▶ [What you have to do]:
Repeat every record below exactly, omitting any pictures.

[Saved data entries]
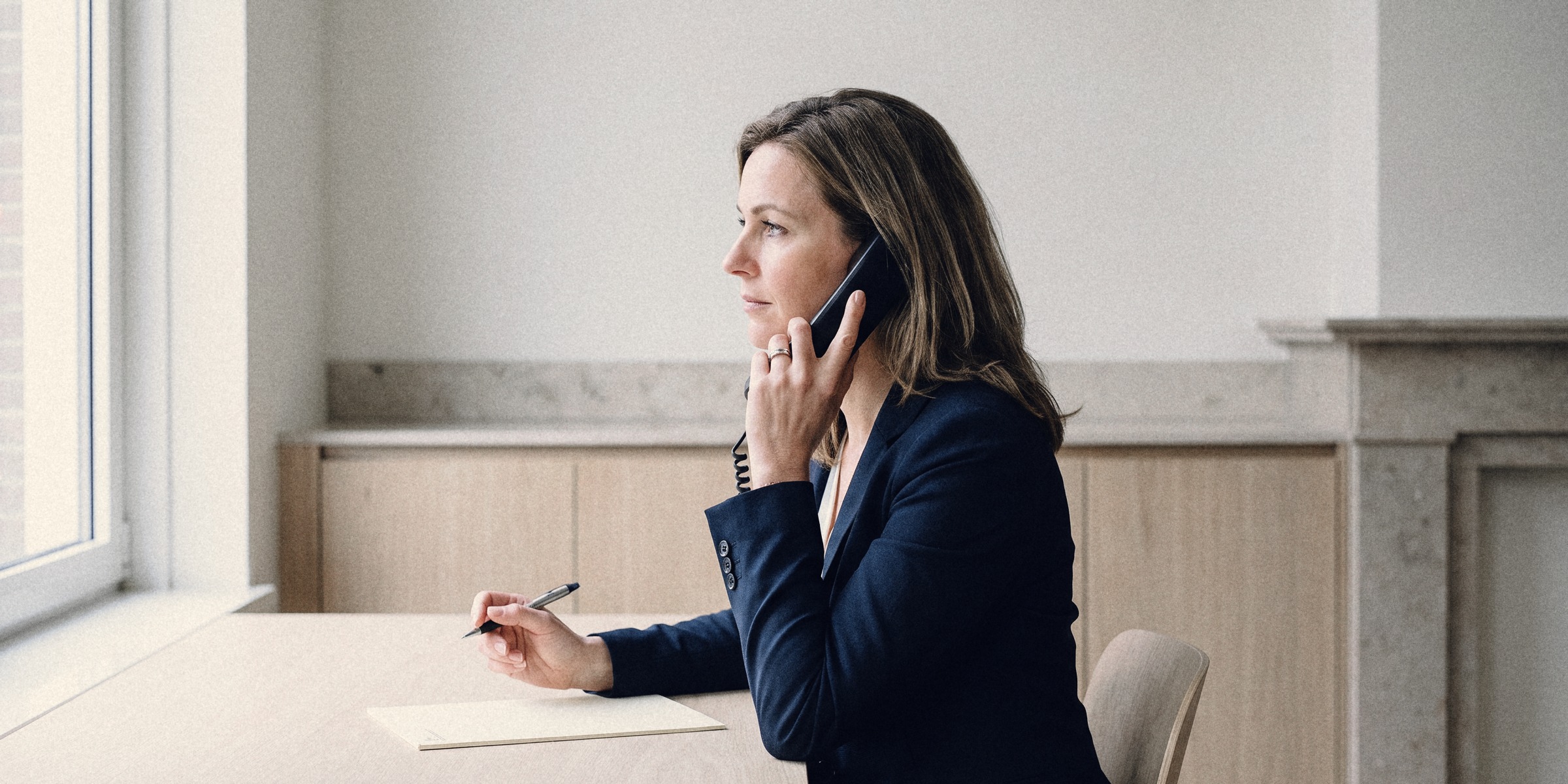 A branch manager on a phone call at her desk, her pen lifted above an intake form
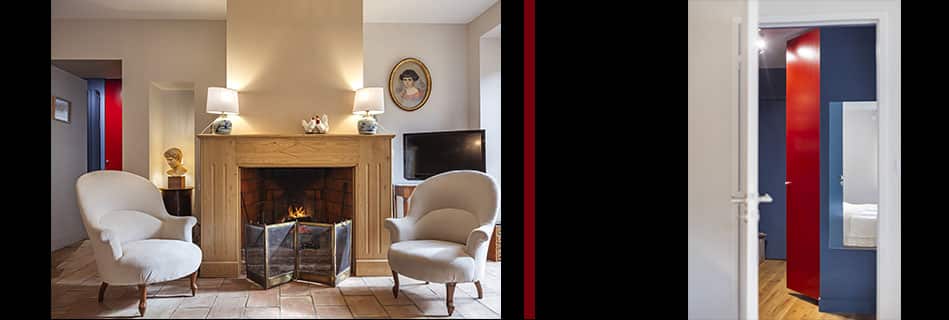 Coin salon autour d'une cheminée en pierre, fauteuils crème et circulation soulignée de rouge et de bleu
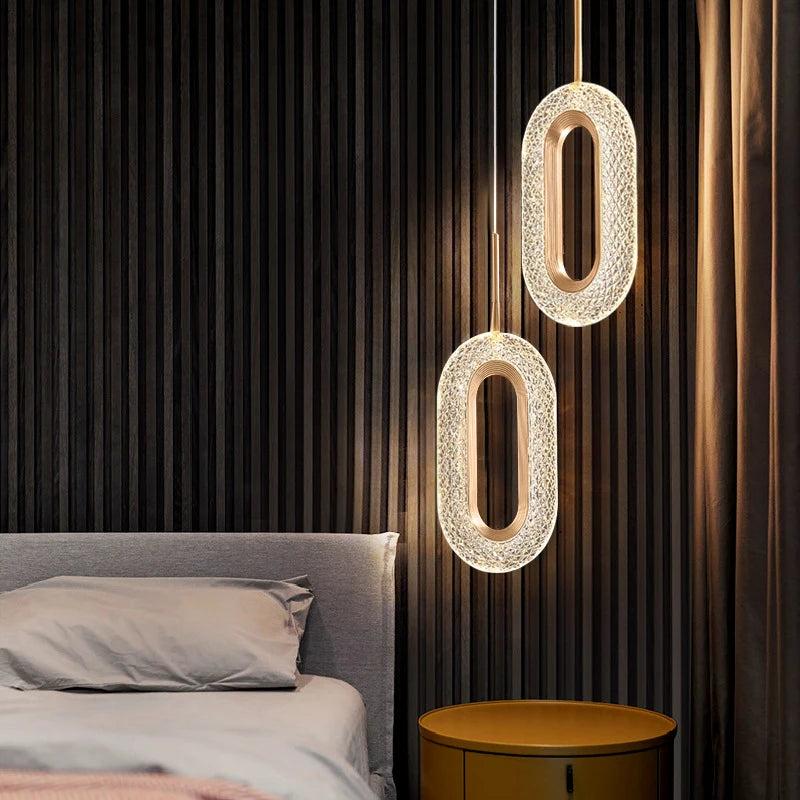 Bedroom setup featuring modern Nordic oval pendant lights with warm glow, perfect for bedside ambiance and modern interiors.
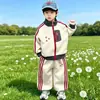 Conjunto de roupas infantis para meninos e meninas, novo estilo outono 2026, jaqueta com zíper e design patchwork, calça esportiva casual, conjunto infantil de duas peças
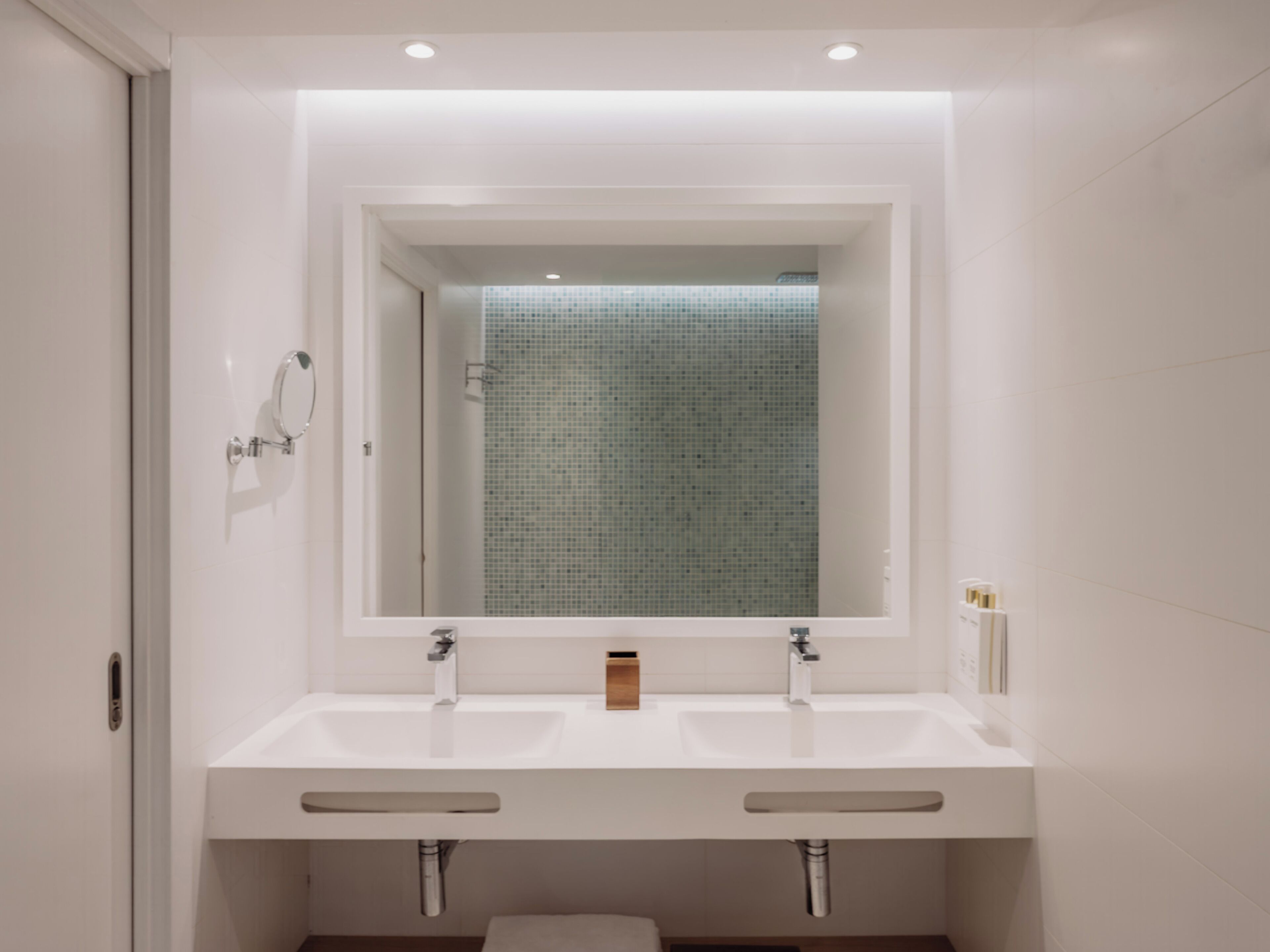 Un baño moderno con un espejo grande, dos lavamanos y una zona de ducha.
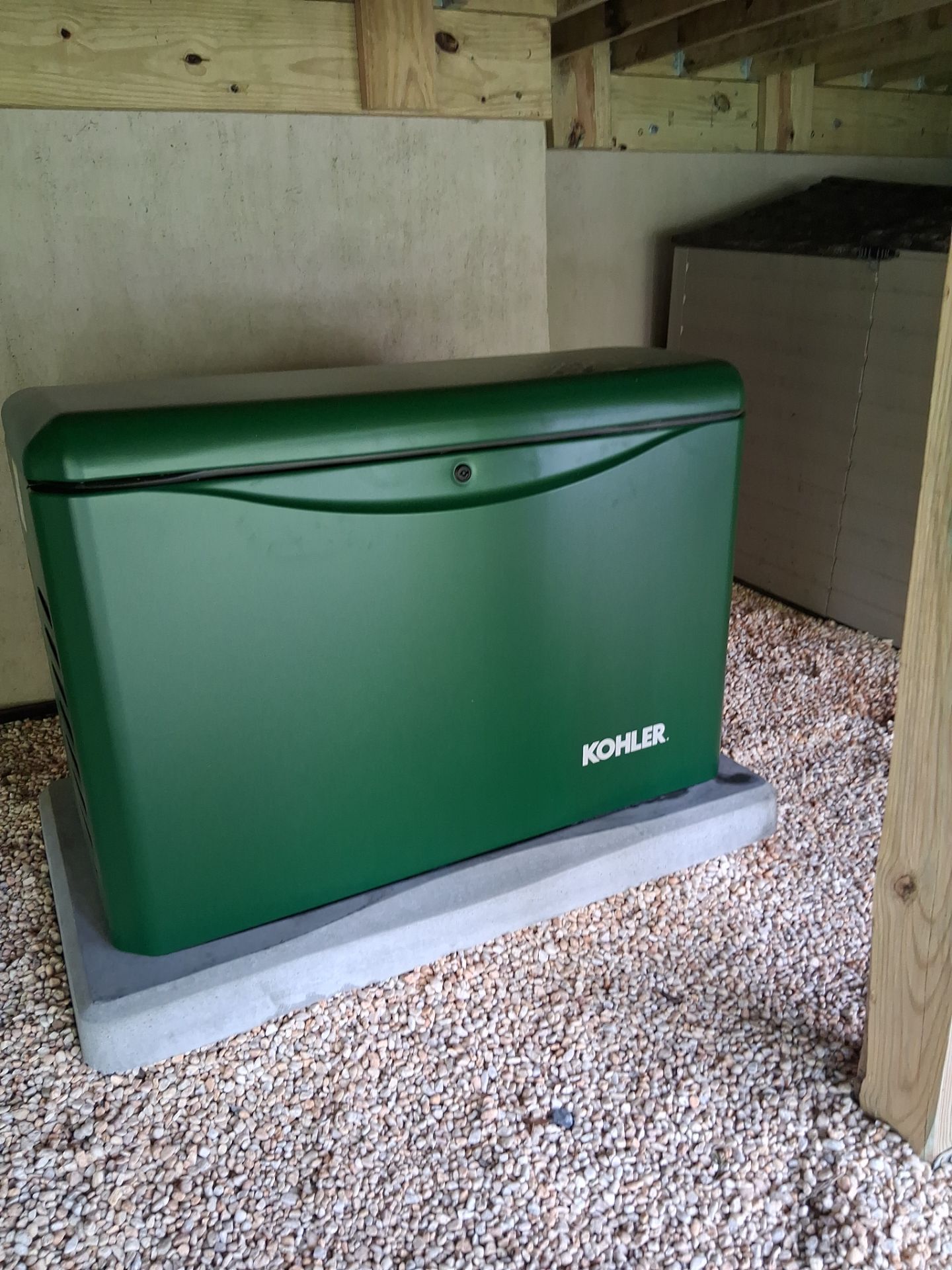 Green Kohler generator on a concrete pad under a covered outdoor structure.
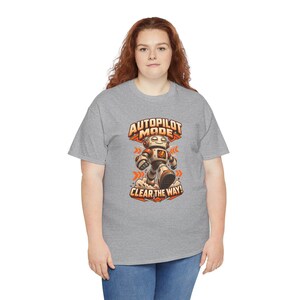 K&ouml;nnte beinhalten: Ein graues, kurz&auml;rmeliges T-Shirt mit einer Grafik eines laufenden Roboters in Orange und Wei&szlig;. Der Text &uuml;ber dem Roboter lautet AUTOPILOT MODE und der Text darunter lautet CLEAR THE WAY in einer fetten, orangefarbenen Schriftart.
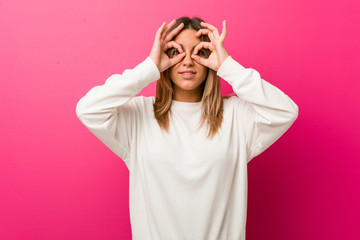 Young authentic charismatic real people woman against a wall showing okay sign over eyes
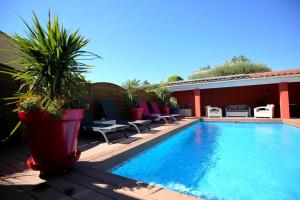 a swimming pool on a patio with chairs at La Villa Léa in Uzès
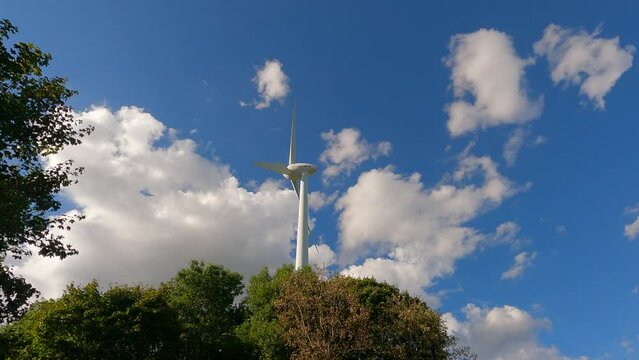 Ecological energy source. Zipline Frottmaninger Berg. Turbine Frottmaninger Mullberg. Windrad Frottmaninger Mullberg. Windmill in Munich. Renewable energy concept. Wind turbine against sky in Germany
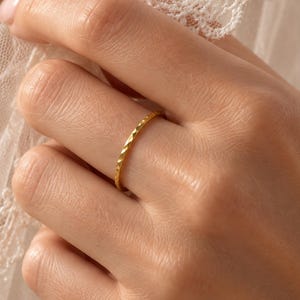 Puede incluir: Un anillo fino de oro amarillo con una superficie texturizada y facetada. La banda presenta un patrón geométrico repetitivo que capta la luz, creando un brillo sutil. El anillo se lleva en un dedo, parcialmente cubierto por encaje blanco.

▶ [Solution to the problem]:
 A branch manager on a phone call at her desk, her pen lifted above an intake form
 Coin salon autour d'une cheminée en pierre, fauteuils crème et circulation soulignée de rouge et de bleu
 Bedroom setup featuring modern Nordic oval pendant lights with warm glow, perfect for bedside ambiance and modern interiors.
 Conjunto de roupas infantis para meninos e meninas, novo estilo outono 2026, jaqueta com zíper e design patchwork, calça esportiva casual, conjunto infantil de duas peças
 Un baño moderno con un espejo grande, dos lavamanos y una zona de ducha.
 Green Kohler generator on a concrete pad under a covered outdoor structure.
 K&ouml;nnte beinhalten: Ein graues, kurz&auml;rmeliges T-Shirt mit einer Grafik eines laufenden Roboters in Orange und Wei&szlig;. Der Text &uuml;ber dem Roboter lautet AUTOPILOT MODE und der Text darunter lautet CLEAR THE WAY in einer fetten, orangefarbenen Schriftart.
 Young authentic charismatic real people woman against a wall showing okay sign over eyes
 a swimming pool on a patio with chairs at La Villa Léa in Uzès
 Ecological energy source. Zipline Frottmaninger Berg. Turbine Frottmaninger Mullberg. Windrad Frottmaninger Mullberg. Windmill in Munich. Renewable energy concept. Wind turbine against sky in Germany
 Puede incluir: Un anillo fino de oro amarillo con una superficie texturizada y facetada. La banda presenta un patrón geométrico repetitivo que capta la luz, creando un brillo sutil. El anillo se lleva en un dedo, parcialmente cubierto por encaje blanco.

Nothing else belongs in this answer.